Re: [PATCH] devpts: Make each mount of devpts an independent filesystem.

From: Eric W. Biederman
Date: Wed Apr 20 2016 - 11:07:37 EST


Linus Torvalds <torvalds@xxxxxxxxxxxxxxxxxxxx> writes:

> On Tue, Apr 19, 2016 at 9:36 PM, Konstantin Khlebnikov <koct9i@xxxxxxxxx> wrote:
>> On Wed, Apr 20, 2016 at 6:04 AM, Eric W. Biederman
>>>
>>> The kernel.pty.reserve sysctl is neutered with no way currently
>>> implemented to be able to use the reserved ptys.
>>
>> I think we could convert this into reserve for init user namespace,
>> ssh in host will work even if containers eaten all ptys.
>
> Yes. That's basically how it effectively worked before (ie everything
> but the initial non-newinstance devpts mount would be limited to the
> non-reserved numbers).
>
> We required the non-init namespaces to do a newinstance mount, so the
> whole test for "newinstance" was effectively the same thing as just
> checking for the init namespace from a security standpoint.
>
> And in fact, rewriting it in that form (ie checking for init_ns) would
> just make it much more obvious what the intent it.

How does this sound.

When mounting a devpts filesystem. We look at the caller (aka current)
and if we are in the initial mount namespace set a flag in fsi that
allows that instance of devpts to draw into the reserve pool.

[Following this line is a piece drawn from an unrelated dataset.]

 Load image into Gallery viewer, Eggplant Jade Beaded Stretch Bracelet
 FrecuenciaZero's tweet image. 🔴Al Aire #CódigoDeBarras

That will still allow crazy pieces of code like xen-create-instance run
by root that mount a devpts filesystem in a chroot environment to draw
into the reserved pool, but any sane users that set up their own mount
namespace won't be able to user the reserve pool.

I believe that will give an almost identical policy to what we have
today, and it certainly makes a good default test for a container. Just
for cleanliness containers (of anyone's definition) almost always use
mount namespaces instead of chroots.

Sigh one last past through all of the distros, to confirm that this
works in practice.

Eric